Since the system has positive and purely imaginary eigenvalues, it has unstable and center subspaces, given by

$$ E^{u} = {\text{span}}\left\{ {u_{j} ,v_{j} |a_{j} > 0} \right\} = {\text{span}}\left[ {\left( {0,1,0} \right)^{t} } \right] = y{\text{-axis}}\;{\text{in}}\;{\text{the}}\;{\text{phase}}\;{\text{space}} $$

and

$$ E^{c} = {\text{span}}\left\{ {u_{j} ,v_{j} |a_{j} = 0} \right\} = {\text{span}}\left[ {\left( {1,0,\,0} \right)^{t} ,\left( {0,0,1} \right)^{t} } \right] = xz{\text{-plane}}\;{\text{in}}\;{\text{the}}\;{\text{phase}}\;{\text{space}} $$

These two subspaces are presented in Fig. 4.3. Note that the system has no stable subspace, since it has no negative eigenvalue .

Fig. 4.3

Unstable and center subspaces of the given system

Theorem 4.6

Consider a system \( \mathop{\dot{x}}\limits_{\sim} = A{\mathop{x}\limits_{\sim}} \), where A is a n  × n matrix with real entries. Then phase space \( {\mathbb{R}}^{n} \) can be decomposed as

$$ {\mathbb{R}}^{n} = E^{u} \oplus E^{s} \oplus E^{c} $$

where \( E^{u} ,E^{s} \), and \( E^{c} \) are the unstable, stable, and of the system, respectively. Furthermore, these subspaces are invariant with respect to the flow.
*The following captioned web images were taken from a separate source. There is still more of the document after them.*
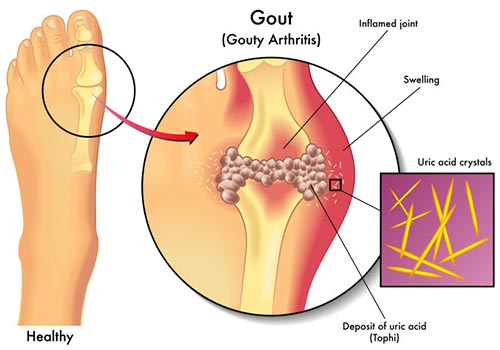 Gout-Treatment-Specialist-NYC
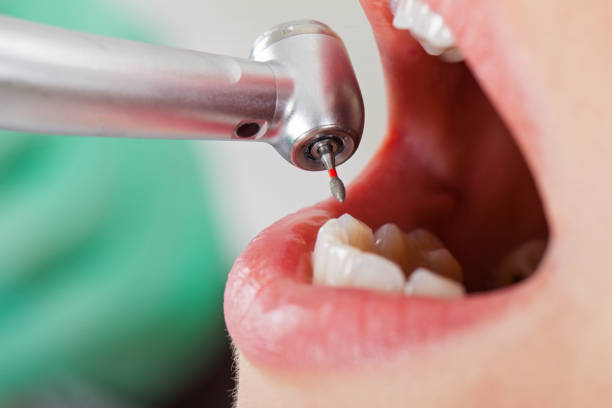 Best Weekend Emergency Dentist in Dexter, MI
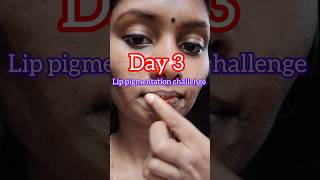 💯 Solution for dark lips lipcareproducts lipcaretips lipcare lipcare lipcareroutine lips lip [upl. by Annaes]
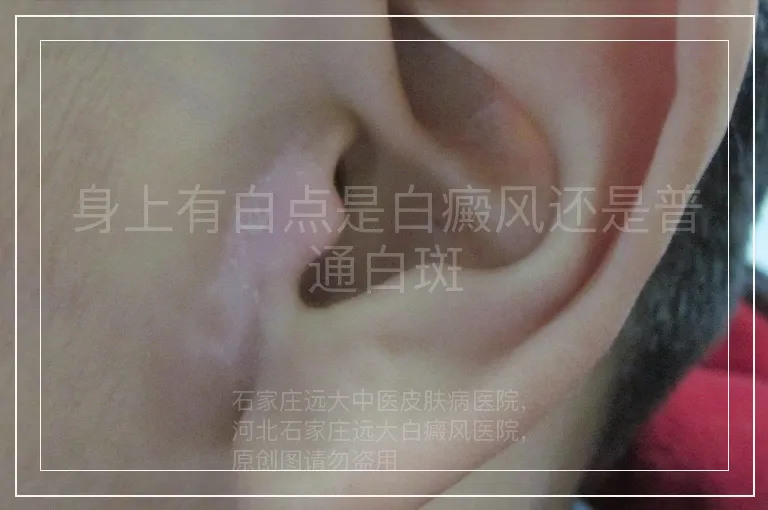 身上有白点是白癜风还是普通白斑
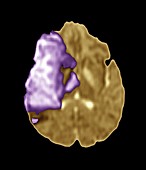 Stroke,MRI scan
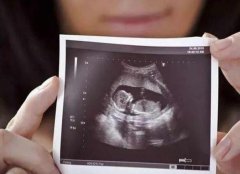孕期四维检查费用大概在300-500元左右-孕妈妈们最重视的检查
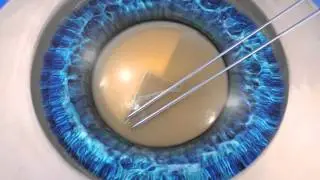 LENSAR Laser Cataract System | Horizon Laser Vision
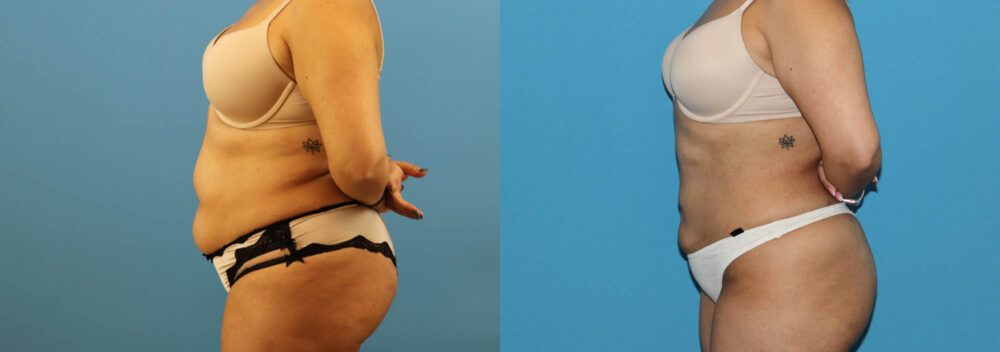 Liposuction case #6010
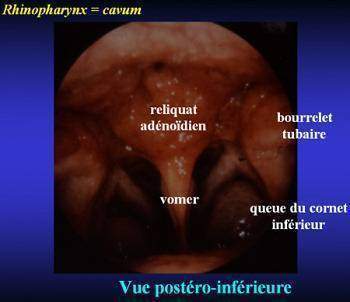 Le cancer du cavum : Traitement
4.6 Hyperbolicity and Its Persistence

The flow in the neighborhood of hyperbolic fixed point has some special characteristic features. The special flow characteristic around the hyperbolic fixed point is called hyperbolicity. There are two important theorems, namely (i) Hartman–Grobman theorem and (ii) Stable manifold theorem for hyperbolic fixed points. The first theorem proves that there exists a continuous invertible map in some neighborhood of the hyperbolic fixed point which maps the nonlinear flow to the linear flow preserving the sense of time and the second theorem implies that the local structure of hyperbolic fixed points of nonlinear flows is the same as the linear flows in terms of the existence and transversality of local stable and unstable manifolds. We now define the local stable and unstable manifolds as follows:

Let U be some neighborhood of a hyperbolic fixed point \( \mathop{x}\limits_{\sim}^{*} \). The local stable manifold, denoted by \( W_{loc}^{s} (\mathop{x}\limits_{\sim}^{*} ) \), is defined as

$$ W_{loc}^{s} (\mathop{x}\limits_{\sim}^{*} ) = \left\{ {\mathop{x}\limits_{\sim} \in U|\phi_{t} (\mathop{x}\limits_{\sim} ) \to \mathop{x}\limits_{\sim}^{*} \;{\text{as}}\;t \to \infty ,\phi_{t} (\mathop{x}\limits_{\sim} ) \in U\;\forall t \ge 0} \right\}. $$

Similarly, the local unstable manifold is defined as

$$ W_{loc}^{u} (\mathop{x}\limits_{\sim}^{*} ) = \left\{ {\mathop{x}\limits_{\sim} \in U|\phi_{t} (\mathop{x}\limits_{\sim} ) \to \mathop{x}\limits_{\sim}^{*} \;{\text{as}}\;t \to - \infty ,\phi_{t} (\mathop{x}\limits_{\sim} ) \in U\;\forall t \le 0} \right\}. $$

The stable manifold theorem states that these manifolds exist and have the same dimension as the stable and unstable manifolds of the corresponding linear system \( \mathop{\dot{x}}\limits_{\sim}= A\mathop{x}\limits_{\sim} \), if \( \mathop{x}\limits_{\sim}^{*} \) is a hyperbolic equilibrium point , and that they are tangential to the manifolds of linear system at \( \mathop{x}\limits_{\sim}^{*} \). This notion is known as hyperbolicity of a system.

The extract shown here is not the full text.